B-2s take flight mostly under the cover of night, in part to avoid high-definition optical cameras on spy satellites. They have a special coating to deflect or absorb microwaves of certain bandwidths produced by space-based synthetic aperture radars, as well as heat-suppression technology to dodge infrared sensors. Its successor, the B-21, is under development with improved but similar technologies. It is expected to enter service by 2025.

The Northrop Grumman B-2 Spirit is the world’s only stealth bomber in service able to deliver a strategic strike on an enemy. Photo: Reuters

Gong Wenlin, research director at the Key Laboratory for Quantum Optics, Chinese Academy of Sciences in Shanghai – whose team is building the prototype ghost imaging device for satellite missions – said their technology was designed to catch “invisibles” like the B-2s.

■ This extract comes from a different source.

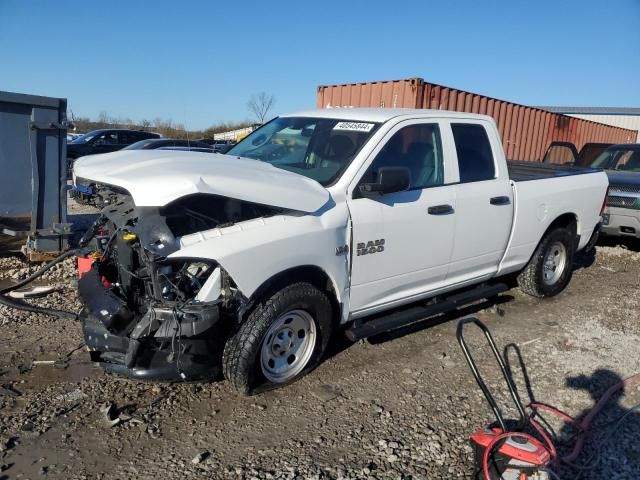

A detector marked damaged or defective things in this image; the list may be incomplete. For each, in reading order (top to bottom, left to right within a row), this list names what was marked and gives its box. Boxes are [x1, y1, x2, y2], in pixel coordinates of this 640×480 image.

He said his lab, led by prominent quantum optics physicist Han Shensheng, would complete a prototype by 2020 with an aim to test the technology in space before 2025. By 2030 he said there would be some large-scale applications.

While ghost imaging has already been tested on ground-based systems, Gong’s lab is in a race with overseas competitors, including the US Army Research Laboratory, to launch the world’s first ghost imaging satellite.

The team showed the engineering feasibility of the technology with a ground experiment in 2011. Three years later the US army lab announced similar results.

“We have beat them on the ground. We have confidence to beat them again in space,” Gong said.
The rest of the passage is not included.